Ce film est au mieux, un elseworld sans âme et définitivement pas le socle d’un univers DC cinématographique.
Merci pour cet excellent article Marti!
Effectivement l’analogie avec le mythe des chevaliers de la table ronde est présent dans tout le film.
D’ailleurs de mémoire, tu parlais de Mordred (fils de Arthur et de Morgane), mais je crois que le dénouement de son affrontement final avec Arthur, rappelle étrangement une scène du film, si tu vois ce que je veux dire.
Je suis stupéfait par le travail titanesque de l’auteur de cet article (marti donc…), c’est admirable…mais cela achève de me convaincre que ce film est un gloubiboulga de symbolismes totalement indigestes et irritants , frisant parfois le ridicule.
Sous pretexte d’un « intellectualime » somme toute assez pauvre qui semble destiné à flatter l’orgueil du réalisateur, le scénario est oublié pour sombrer dans les raccourcis et les incohérences fatales pour un film qui affiche tant de sérieux et de premier degrès.
Je rejoins totalement l’avis de mon voisin du dessus: Snyder se fait plaisir et part dans un délire mystique…Pauvre Superman, pour le coup crucifié par son démiurge, qui erre comme une ombre dans ce DCversefroid et désincarné.
C’est amusant, je suis d’accord avec quasiment tous tes arguments, et en même temps je pense le contraire à l’arrivée en trouvant le film vraiment raté. Disons qu’on a eu à peu-près le même regard, mais pas avec la même philosophie !

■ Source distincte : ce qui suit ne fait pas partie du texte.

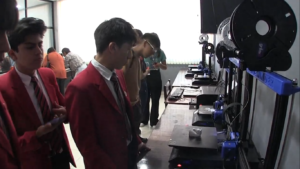 Alcalde de Tarija inaugura moderno laboratorio digital 3D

Je mettrais toutes ses qualités dans sa première moitié (la première séquence est une merveille), et tous ses défauts dans le seconde (le dénouement, les combats, et notamment celui avec Doomsday, font partie de ce que j’ai vu de plus idiot en matières de super-slips au cinéma – avis strictement perso).
La scène de caméo pour les futurs membres de la JLA remporte le pompon du portnawak et ne me donne pas envie d’aller voir des films sur ces personnages !
Pour le reste, ton article est impressionnant, en ce sens que tu as trouvé un équilibre entre le plaisir décomplexé du fanboy, la profondeur de l’analyse et l’exhaustivité des éléments référentiels !
Brillant ! Je suis convaincu par tes histoires de table ronde !
Merci pour vos commentaires !
@Erik : Plus j’y pense plus je me dis que ce Luthor avait du potentiel, les copains du site l’expose bien dans le podcast consacré au film par le commentaire de ses quelques scènes intéressantes (notamment lorsqu’il agenouille Superman). Un élément m’est apparu après-coup : et si Luthor était jaloux de Superman car lui aussi est un immigré (né en Allemagne de l’Est, on peut d’ailleurs penser que le Lex Luthor Sr évoqué est un clin d’oeil au Alexei Luthor du Golden Age) et aimerait jouir de la même notoriété que le Kryptonien. Il est intéressant d’ailleurs de constater que comme pour les deux héros son père est mort (dans des conditions à découvrir plus tard ?), renforçant le côté « chevalier renégat » du personnage par rapport aux deux autres héros.